● **What the exercise asks**: Repeat only the lines below that run from the line with "İthal Seri R" to the line with "Monica Witarsa Juara", ends included; skip every picture.

Recorded information Start Marker

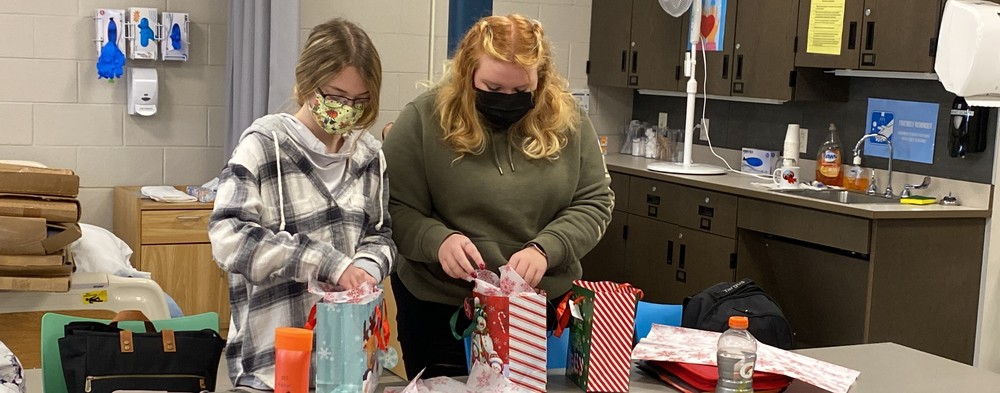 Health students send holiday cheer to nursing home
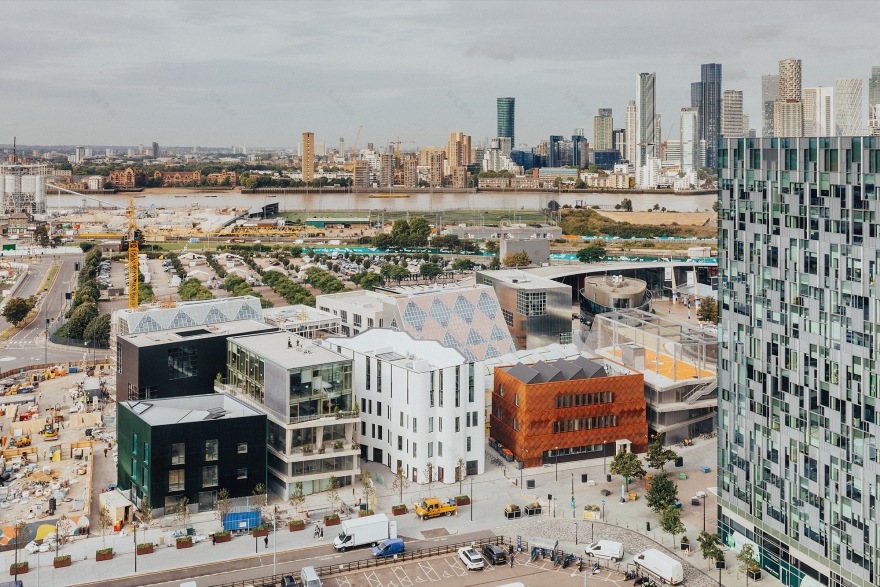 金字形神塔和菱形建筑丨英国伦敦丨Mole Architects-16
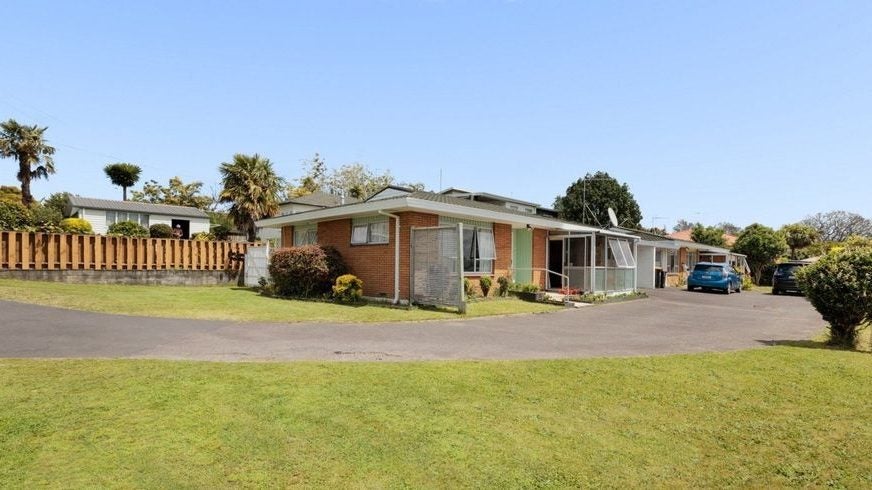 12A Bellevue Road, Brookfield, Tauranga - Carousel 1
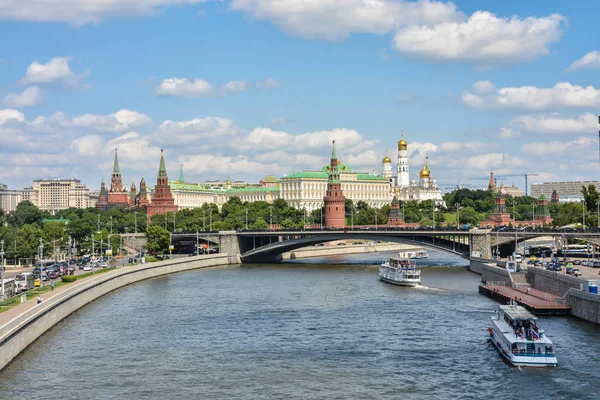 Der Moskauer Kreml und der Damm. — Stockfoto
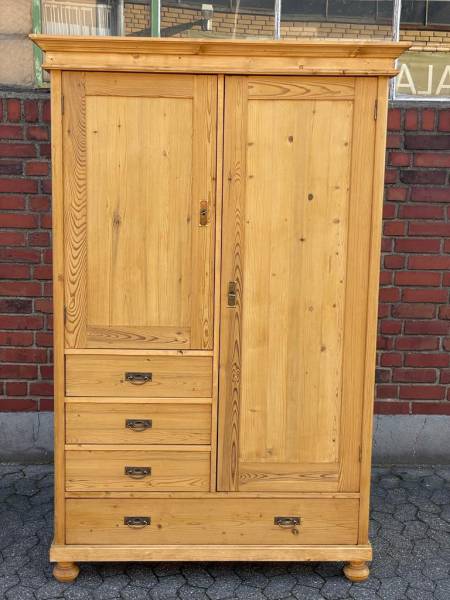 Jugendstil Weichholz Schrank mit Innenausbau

Recorded information End Marker
Recorded information Start Marker

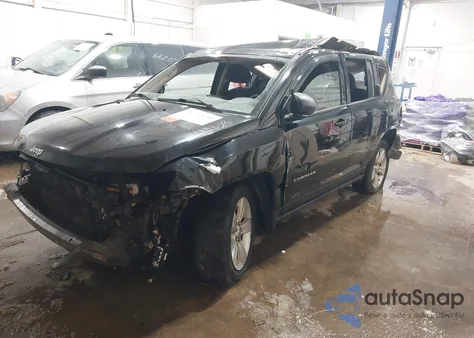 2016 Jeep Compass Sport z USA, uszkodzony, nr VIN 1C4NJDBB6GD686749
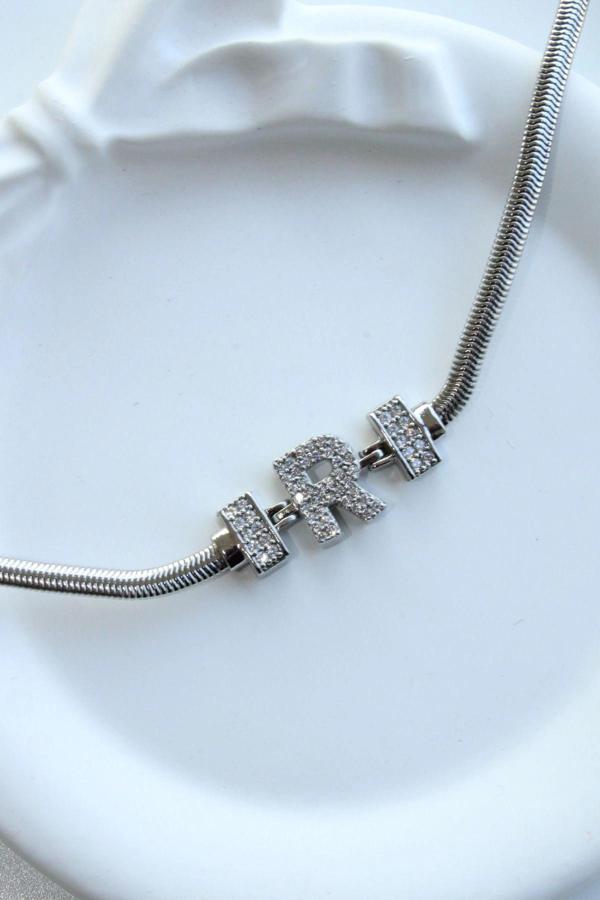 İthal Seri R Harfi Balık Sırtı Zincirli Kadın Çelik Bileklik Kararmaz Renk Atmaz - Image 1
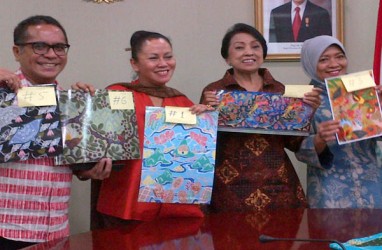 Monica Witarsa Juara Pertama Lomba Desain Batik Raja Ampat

Recorded information End Marker
Recorded information Start Marker

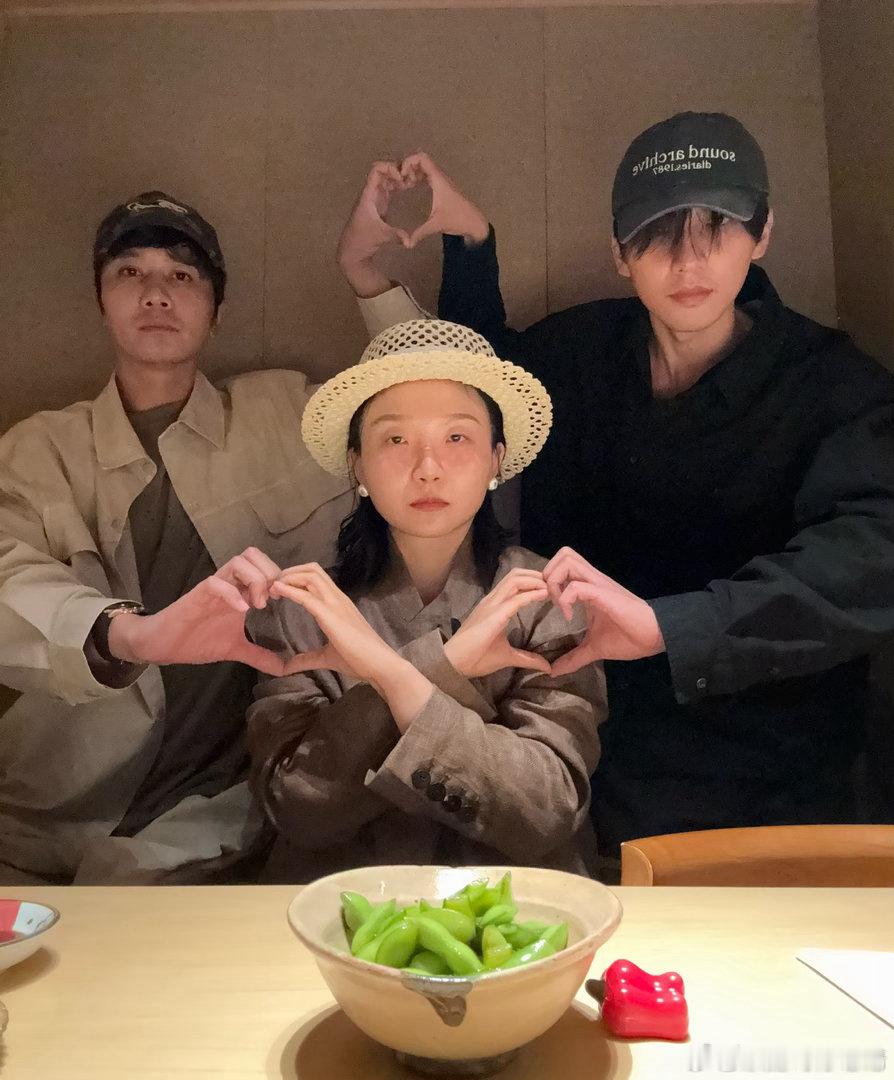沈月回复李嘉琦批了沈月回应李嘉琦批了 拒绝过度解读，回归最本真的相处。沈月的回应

Recorded information End Marker

● **Response to the exercise**:
 İthal Seri R Harfi Balık Sırtı Zincirli Kadın Çelik Bileklik Kararmaz Renk Atmaz - Image 1
 Monica Witarsa Juara Pertama Lomba Desain Batik Raja Ampat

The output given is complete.